We can take heart from the progress that has been made over the preceding decades. We now have generations of students and doctors who consider training in teaching methods as part of the norm. Many students now have the opportunity to take formal qualifications and fellowships. Educational excellence, along with clinical excellence, is increasingly being recognised and rewarded appropriately. However, we cannot rest on our laurels and must continue to strive to improve how we teach and to embrace new ways of delivering teaching, while not losing sight of the main goal: to be better at treating patients and delivering high quality healthcare.

In times of limited resources and changes in delivery of services, we must also ensure that education is included, costed for, and not squeezed out.

Competing interests: All the authors are also authors of Effective Medical Teaching Skills, published by BPP Learning Media, of which MG is medical publishing director.

References

  1. General Medical Council.
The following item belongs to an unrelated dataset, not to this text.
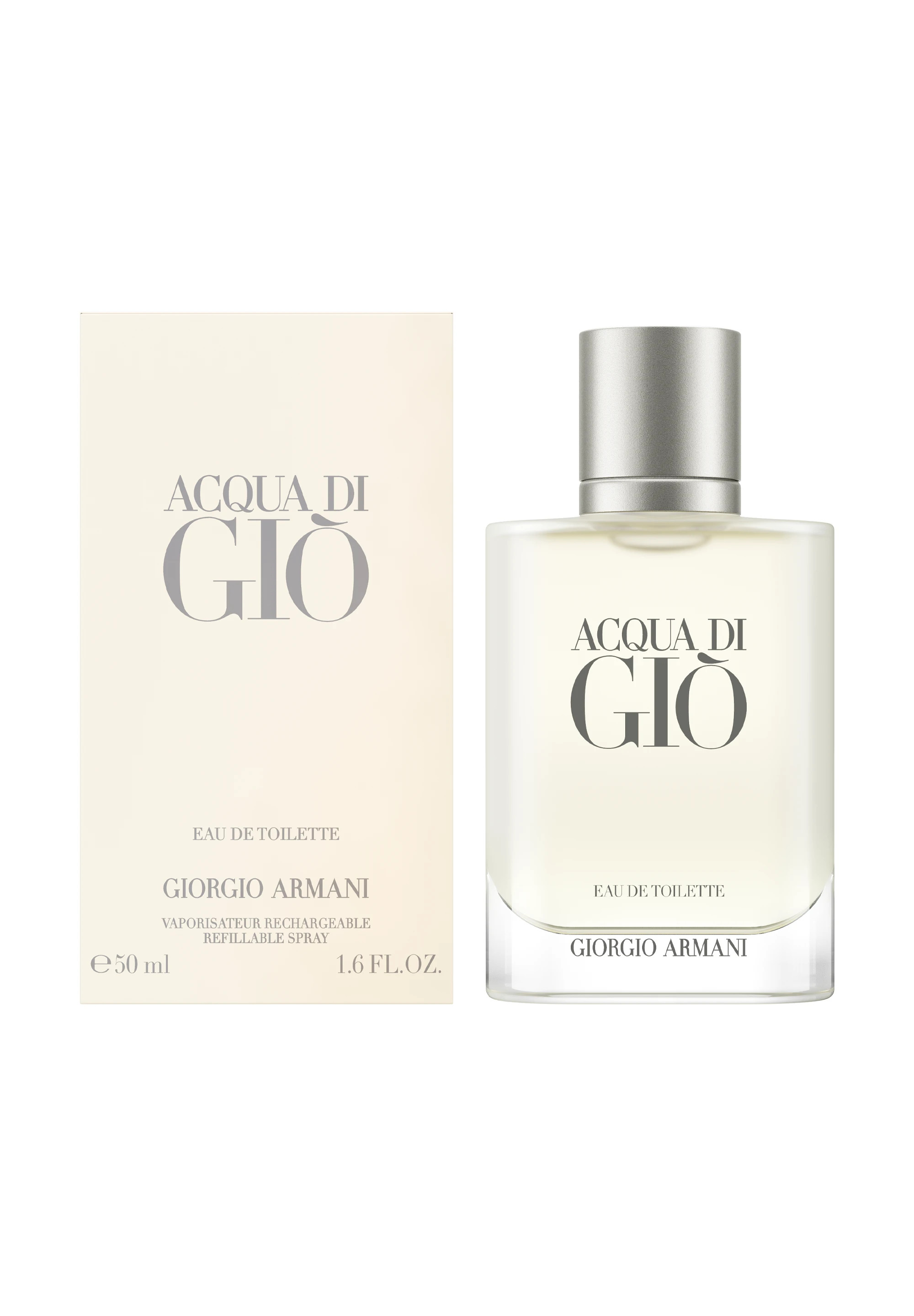 アクア ディ ジオ プール オム オードトワレ 50ml | Matsuya Ginza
Tomorrow’s doctors. General Medical Council, 2003. www.gmc-org/education/undergraduate/undergraduate_policy/tomorrows_doctors.asp.
  2. Harden R M, Crosby J R. AMEE Education Guide No 20: The good teacher is more than a lecturer—the twelve roles of the teacher. Medical Teacher  2000;22:334-47.
  3. Ammons R. Effects of knowledge of performance: a survey and tentative theoretical formulation. J Gen Psychol  1956;54:279.
  4. Harvard University. 1-minute paper worksheet: a thinking-centered self-assessment tool. http://learnweb.harvard.edu/alps/thinking/docs/minute.htm.
  5. Bradley P. The history of simulation in medical education and possible future directions. Med Educ  2006;40:254-62.
  6. Murray E. Challenges in educational research. Med Educ  2002;36:110-2.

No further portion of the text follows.